- **PROBLEM REQUIREMENTS**
Begin at the line containing "Equisetum pratense Ehrh." and give again every line to the end of the records, exactly, without the pictures.

BEGIN EXERCISE DATA

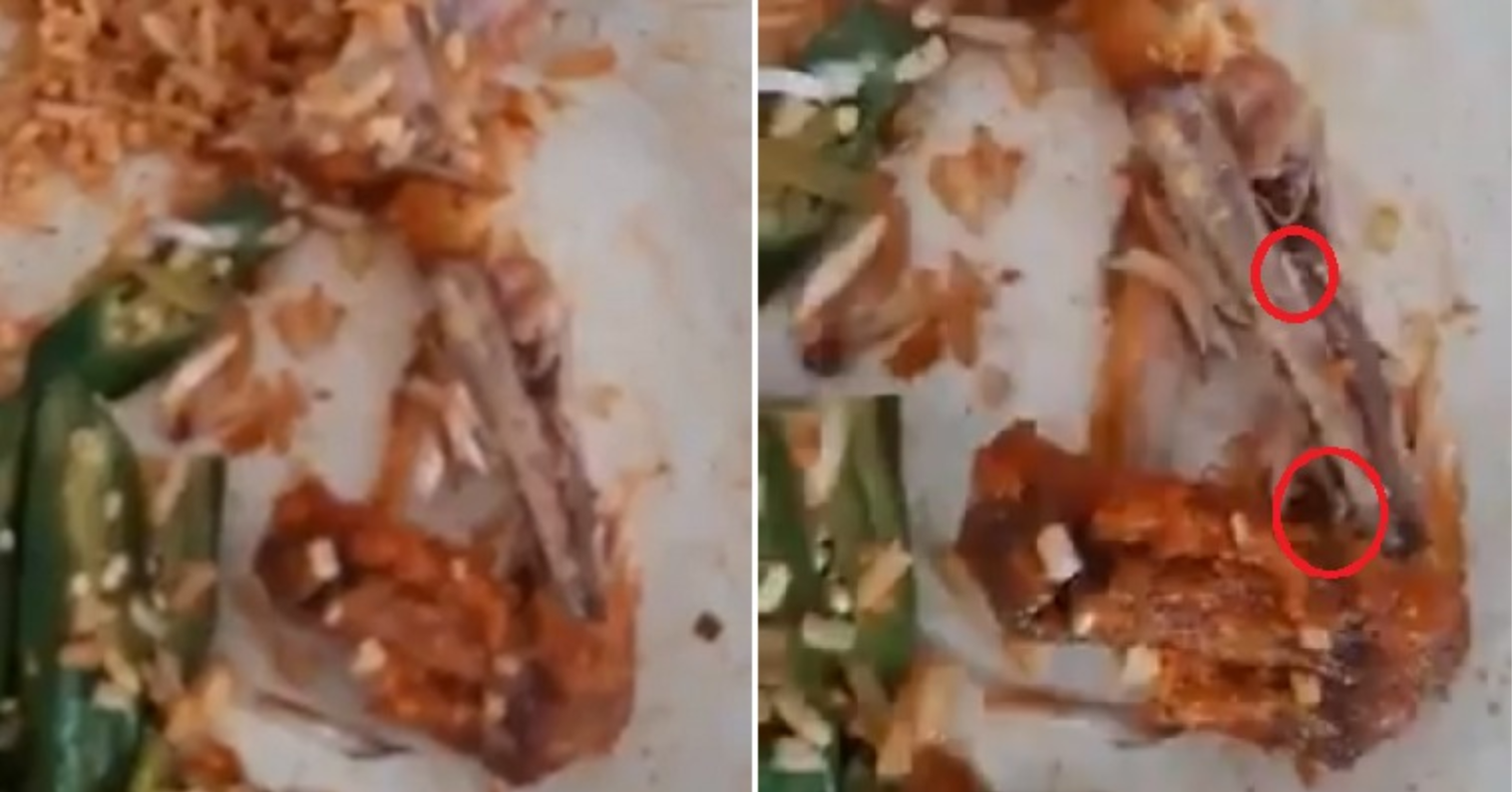 Woman Found Maggots In A Piece Of Chicken She Was Eating, Mamak Manager Blamed Her For Choosing The One With Worms - World Of Buzz 4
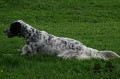 Setter Anglais BASKETTE DU MAS D'EYRAUD Setter Anglais BASKETTE DU MAS D'EYRAUD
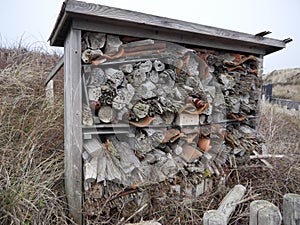 Insect house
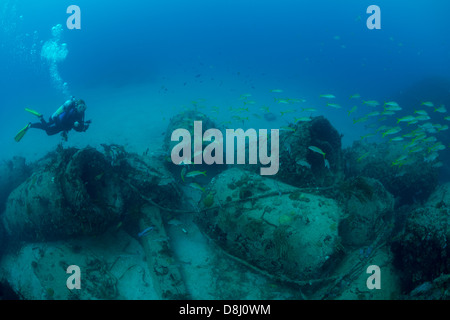 Ein weiblicher Taucher schwimmt untersucht die Trümmer des Meeres Kaiser Wracks in der Nähe der Küste von Fort Lauderdale, Florida Stockfoto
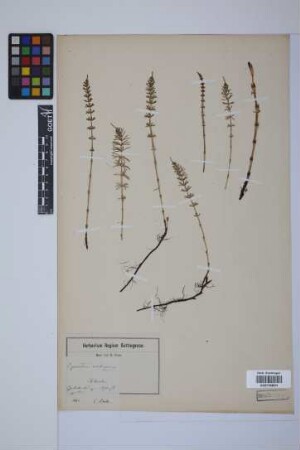 Equisetum pratense Ehrh.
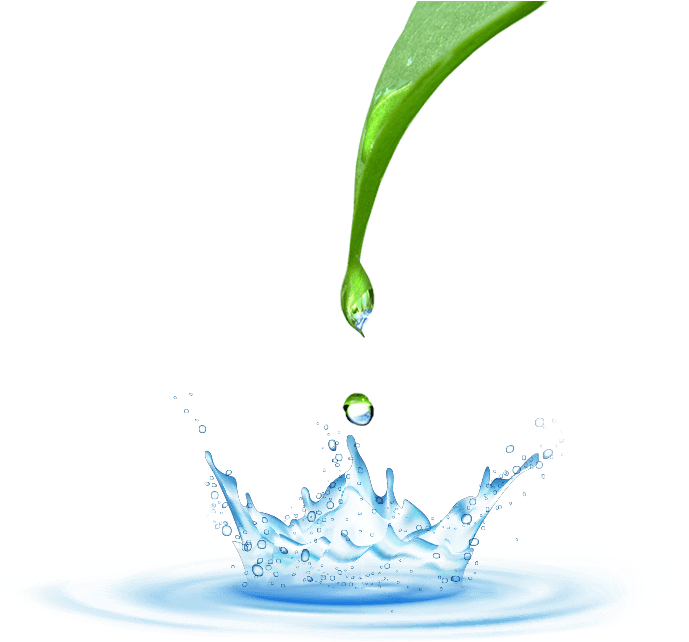 February 26, 2018 By Admin Comments Are Off - Drink (697x641), Png Download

END EXERCISE DATA

- **FINISHED TASK**
 Equisetum pratense Ehrh.
 February 26, 2018 By Admin Comments Are Off - Drink (697x641), Png Download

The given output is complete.